■ **EXERCISE AIM**
Extract the line that contains "this 952×1270 image." and every line after it to the end of the records below, exactly as written and nothing else.
Segment Start: RECORDED DATA
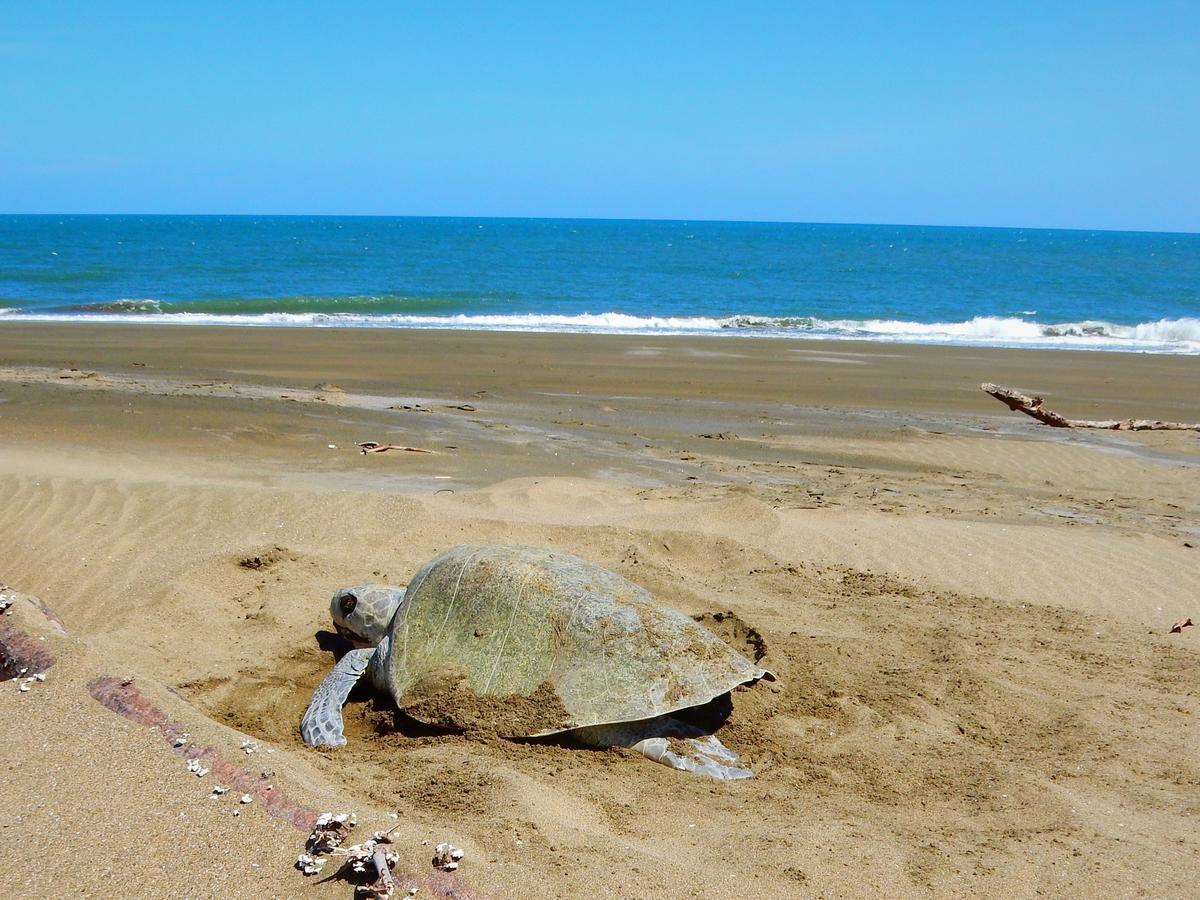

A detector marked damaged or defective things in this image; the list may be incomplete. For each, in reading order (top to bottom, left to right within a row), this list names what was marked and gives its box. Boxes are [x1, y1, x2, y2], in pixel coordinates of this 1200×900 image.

broken wood piece [984, 384, 1200, 432]
broken wood piece [358, 442, 438, 458]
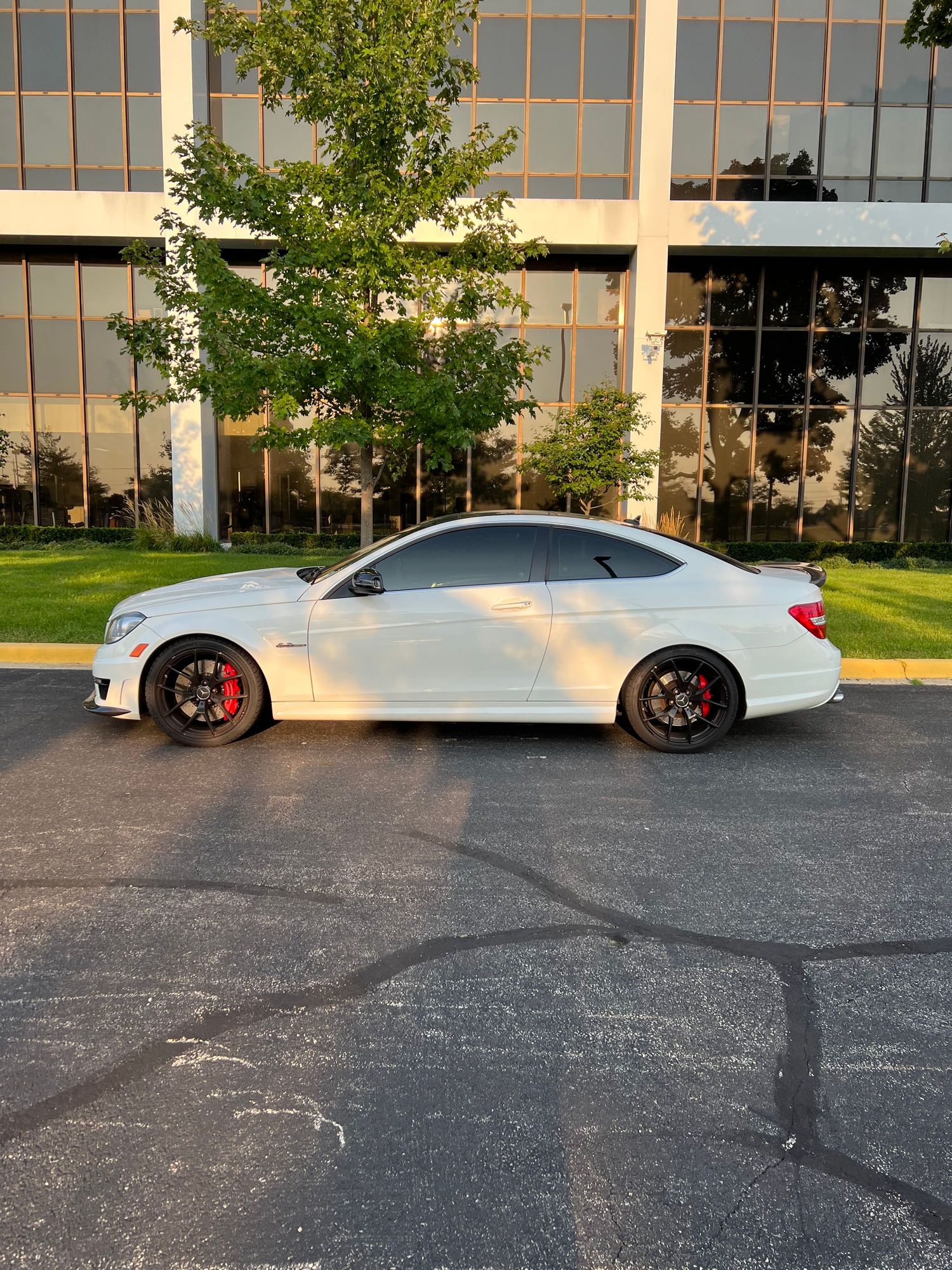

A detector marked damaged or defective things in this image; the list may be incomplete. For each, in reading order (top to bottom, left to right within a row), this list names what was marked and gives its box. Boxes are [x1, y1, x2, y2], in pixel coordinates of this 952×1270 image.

crack in asphalt [0, 879, 343, 909]
crack in asphalt [1, 828, 952, 1255]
Segment End: RECORDED DATA
■ **TASK ANSWER**
A detector marked damaged or defective things in this image; the list may be incomplete. For each, in reading order (top to bottom, left to right within a row), this list names what was marked and gives its box. Boxes are [x1, y1, x2, y2], in pixel coordinates of this 952×1270 image.

crack in asphalt [0, 879, 343, 909]
crack in asphalt [1, 828, 952, 1255]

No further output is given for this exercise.